Mr. Matthias Blumenschein, FH Aachen University of Applied Sciences, GERMANY
Prof. Dr. Raphael Pfaff, FH Aachen, GERMANY
Mrs. Katharina Babilon, FH Aachen, GERMANY
Shunting operations differ largely from train operation on the mainline in both train protection and braking. While for mainline operations, braking of all axles in a train set is mandatory under most circumstances and unbraked wagons and axles are an exception, common shunting regulations allow for up to 40 unbraked axles depending on the locomotive mass and track gradient.

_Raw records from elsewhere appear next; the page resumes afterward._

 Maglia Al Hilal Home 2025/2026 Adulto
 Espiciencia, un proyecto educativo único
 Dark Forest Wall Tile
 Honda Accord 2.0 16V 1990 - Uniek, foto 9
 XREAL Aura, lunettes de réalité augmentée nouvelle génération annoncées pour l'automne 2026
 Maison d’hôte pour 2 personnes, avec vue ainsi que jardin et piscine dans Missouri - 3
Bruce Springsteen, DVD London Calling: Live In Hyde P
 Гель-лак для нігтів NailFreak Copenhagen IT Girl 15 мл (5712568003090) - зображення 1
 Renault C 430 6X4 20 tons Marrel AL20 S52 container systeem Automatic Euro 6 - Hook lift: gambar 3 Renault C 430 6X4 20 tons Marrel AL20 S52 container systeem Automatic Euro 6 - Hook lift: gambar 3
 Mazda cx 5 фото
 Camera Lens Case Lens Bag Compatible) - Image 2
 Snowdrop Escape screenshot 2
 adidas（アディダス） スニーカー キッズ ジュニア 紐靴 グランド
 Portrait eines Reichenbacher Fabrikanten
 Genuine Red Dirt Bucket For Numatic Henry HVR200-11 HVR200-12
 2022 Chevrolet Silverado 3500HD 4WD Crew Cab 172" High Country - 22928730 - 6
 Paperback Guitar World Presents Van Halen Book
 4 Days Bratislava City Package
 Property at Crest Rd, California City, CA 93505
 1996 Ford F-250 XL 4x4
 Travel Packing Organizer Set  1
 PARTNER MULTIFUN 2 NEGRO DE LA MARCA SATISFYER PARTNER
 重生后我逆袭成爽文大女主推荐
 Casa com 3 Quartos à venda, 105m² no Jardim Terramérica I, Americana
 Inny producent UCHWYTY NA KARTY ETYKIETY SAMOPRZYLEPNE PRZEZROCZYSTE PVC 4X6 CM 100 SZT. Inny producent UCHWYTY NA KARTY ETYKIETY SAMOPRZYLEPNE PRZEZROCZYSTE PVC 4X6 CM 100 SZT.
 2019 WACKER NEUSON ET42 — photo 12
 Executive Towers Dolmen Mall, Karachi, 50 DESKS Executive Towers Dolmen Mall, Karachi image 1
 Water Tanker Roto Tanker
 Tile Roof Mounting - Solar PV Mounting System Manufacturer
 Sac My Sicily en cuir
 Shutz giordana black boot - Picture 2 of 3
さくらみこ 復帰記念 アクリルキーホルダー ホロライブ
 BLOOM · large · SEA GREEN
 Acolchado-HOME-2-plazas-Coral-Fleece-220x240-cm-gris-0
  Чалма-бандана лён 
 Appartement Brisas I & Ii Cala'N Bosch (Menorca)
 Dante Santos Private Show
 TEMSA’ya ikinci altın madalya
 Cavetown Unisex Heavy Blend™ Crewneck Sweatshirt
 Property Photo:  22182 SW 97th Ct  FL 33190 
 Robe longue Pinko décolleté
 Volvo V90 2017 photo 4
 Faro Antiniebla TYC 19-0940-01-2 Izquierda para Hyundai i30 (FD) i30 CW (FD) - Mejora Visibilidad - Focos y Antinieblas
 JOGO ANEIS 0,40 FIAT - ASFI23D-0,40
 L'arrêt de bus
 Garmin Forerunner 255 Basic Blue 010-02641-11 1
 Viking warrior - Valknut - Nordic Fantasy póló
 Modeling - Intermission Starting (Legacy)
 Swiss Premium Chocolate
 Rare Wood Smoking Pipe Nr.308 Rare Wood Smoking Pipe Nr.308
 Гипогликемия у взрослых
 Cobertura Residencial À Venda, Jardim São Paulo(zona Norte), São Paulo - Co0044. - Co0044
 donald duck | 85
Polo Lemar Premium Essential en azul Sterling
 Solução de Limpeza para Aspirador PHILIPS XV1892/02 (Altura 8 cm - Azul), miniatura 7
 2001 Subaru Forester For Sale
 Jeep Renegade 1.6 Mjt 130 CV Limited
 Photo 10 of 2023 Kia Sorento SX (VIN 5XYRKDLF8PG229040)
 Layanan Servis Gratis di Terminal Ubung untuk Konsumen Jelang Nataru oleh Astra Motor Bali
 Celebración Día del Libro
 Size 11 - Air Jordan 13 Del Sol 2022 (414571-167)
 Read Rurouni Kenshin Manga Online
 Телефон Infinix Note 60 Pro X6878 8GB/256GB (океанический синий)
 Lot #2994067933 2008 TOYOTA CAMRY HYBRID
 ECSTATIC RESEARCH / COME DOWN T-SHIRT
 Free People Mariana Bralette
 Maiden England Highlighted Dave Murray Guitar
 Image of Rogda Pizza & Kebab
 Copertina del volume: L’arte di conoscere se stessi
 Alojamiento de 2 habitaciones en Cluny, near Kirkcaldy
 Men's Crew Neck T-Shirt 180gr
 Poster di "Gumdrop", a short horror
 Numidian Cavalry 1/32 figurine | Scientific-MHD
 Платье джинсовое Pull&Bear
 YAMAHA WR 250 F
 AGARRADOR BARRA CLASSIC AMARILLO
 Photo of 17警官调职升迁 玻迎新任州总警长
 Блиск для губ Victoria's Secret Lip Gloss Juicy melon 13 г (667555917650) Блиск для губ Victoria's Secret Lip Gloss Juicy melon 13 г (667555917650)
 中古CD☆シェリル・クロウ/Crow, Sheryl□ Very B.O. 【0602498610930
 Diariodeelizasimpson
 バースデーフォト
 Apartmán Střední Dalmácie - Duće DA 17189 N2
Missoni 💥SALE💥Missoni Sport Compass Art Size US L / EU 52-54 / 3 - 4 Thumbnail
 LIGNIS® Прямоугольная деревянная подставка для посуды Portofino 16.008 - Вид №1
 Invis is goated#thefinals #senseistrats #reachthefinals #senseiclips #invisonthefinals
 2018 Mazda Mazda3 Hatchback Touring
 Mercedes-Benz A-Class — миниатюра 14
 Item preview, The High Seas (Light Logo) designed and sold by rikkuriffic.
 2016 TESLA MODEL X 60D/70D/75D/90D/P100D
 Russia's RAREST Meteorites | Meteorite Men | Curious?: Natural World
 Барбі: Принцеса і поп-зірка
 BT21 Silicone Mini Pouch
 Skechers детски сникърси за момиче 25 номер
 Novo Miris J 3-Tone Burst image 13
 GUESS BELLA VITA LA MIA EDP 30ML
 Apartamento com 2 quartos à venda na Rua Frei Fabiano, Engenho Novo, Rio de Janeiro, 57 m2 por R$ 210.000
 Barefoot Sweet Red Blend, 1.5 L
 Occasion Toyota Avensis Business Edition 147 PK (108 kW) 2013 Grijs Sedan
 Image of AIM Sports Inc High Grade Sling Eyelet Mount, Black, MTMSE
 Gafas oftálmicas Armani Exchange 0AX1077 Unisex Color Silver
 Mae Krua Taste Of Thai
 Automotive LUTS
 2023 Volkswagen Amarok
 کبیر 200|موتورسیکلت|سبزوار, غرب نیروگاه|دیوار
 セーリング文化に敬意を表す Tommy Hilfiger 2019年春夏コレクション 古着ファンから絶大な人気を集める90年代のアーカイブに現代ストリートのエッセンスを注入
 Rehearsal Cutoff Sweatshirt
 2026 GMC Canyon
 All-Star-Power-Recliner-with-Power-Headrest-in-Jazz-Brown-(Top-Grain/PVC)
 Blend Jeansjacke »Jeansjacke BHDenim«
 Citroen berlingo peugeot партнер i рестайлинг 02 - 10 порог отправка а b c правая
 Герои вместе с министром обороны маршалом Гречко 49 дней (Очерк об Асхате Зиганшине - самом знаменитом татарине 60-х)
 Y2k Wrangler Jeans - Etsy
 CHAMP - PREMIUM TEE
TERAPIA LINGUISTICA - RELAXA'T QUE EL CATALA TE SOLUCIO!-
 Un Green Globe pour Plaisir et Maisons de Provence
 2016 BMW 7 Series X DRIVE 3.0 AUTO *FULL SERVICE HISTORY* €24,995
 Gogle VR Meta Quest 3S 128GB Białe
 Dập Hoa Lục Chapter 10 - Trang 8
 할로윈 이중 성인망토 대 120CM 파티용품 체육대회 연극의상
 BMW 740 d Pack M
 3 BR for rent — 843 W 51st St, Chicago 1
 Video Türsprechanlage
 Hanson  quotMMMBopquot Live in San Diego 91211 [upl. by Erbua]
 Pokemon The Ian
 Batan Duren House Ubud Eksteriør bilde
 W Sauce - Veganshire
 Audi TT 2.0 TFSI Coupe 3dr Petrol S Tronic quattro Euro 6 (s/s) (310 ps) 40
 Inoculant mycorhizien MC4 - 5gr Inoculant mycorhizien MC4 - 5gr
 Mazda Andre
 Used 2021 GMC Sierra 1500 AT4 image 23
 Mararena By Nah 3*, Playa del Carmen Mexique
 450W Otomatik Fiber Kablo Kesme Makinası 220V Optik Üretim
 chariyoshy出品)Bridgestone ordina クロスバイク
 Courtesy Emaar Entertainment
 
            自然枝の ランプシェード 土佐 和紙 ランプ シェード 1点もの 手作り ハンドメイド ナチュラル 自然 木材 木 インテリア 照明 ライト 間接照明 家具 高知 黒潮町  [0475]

On the other hand, train protection in shunting operation is mostly achieved on an on sight basis, which means that no technical devices ensure the freedom of movement. It is rather common to discuss automatic train operation (ATO) these days, however most discussions focus on the mainline portion of freight rail. In mainline operation however, the movement authority is ensured by signalling, so no long range scanning equipment, such as cameras, radar and LiDAR is strictly required to ensure safety of operation. Also, based on the braking behaviour of the train in question, a rather precise velocity recommendation is provided, either by static signals (brake tables, signage) or by continuous communication (e.g. LZB, ETCS).
The opposite holds true for shunting: in most cases, a movement authority is not given or ensured by technical means, rather the observation of the shunting area by the driver and potential assistants check whether the intended track is free and safe. At the same time, the braking behaviour of the shunting groups is not precisely known and predicted by the driver based on instinct and experience. For this reason, to assist and eventually replace the aging workforce of shunting drivers and shunting assistants, a perception system is considered more demanding since it cannot rely on ATP infrastructure as in the mainline case.
In this paper, the special brake setup for shunting mode is analysed and braking curves for numerous cases, ranging from an individual locomotive using direct brake only to a train consist with the maximum number of unbraked axles, are simulated. The simulation software takes into account the train setup, braked weight and brake mode as well as variations in the loading state and the friction and adhesion parameters. The corresponding braking distances are inspected and put into relation to common track geometries and use cases in shunting areas. Further, the visibility requirements from the respective European regulations are reviewed based on these use cases.
The requirement set made up of track geometries, visibility and the respective braking curves provides the input for the generation of a set of requirements for the development of a perception system for shunting operation. Example data from current tests of a candidate sensor system will be shown.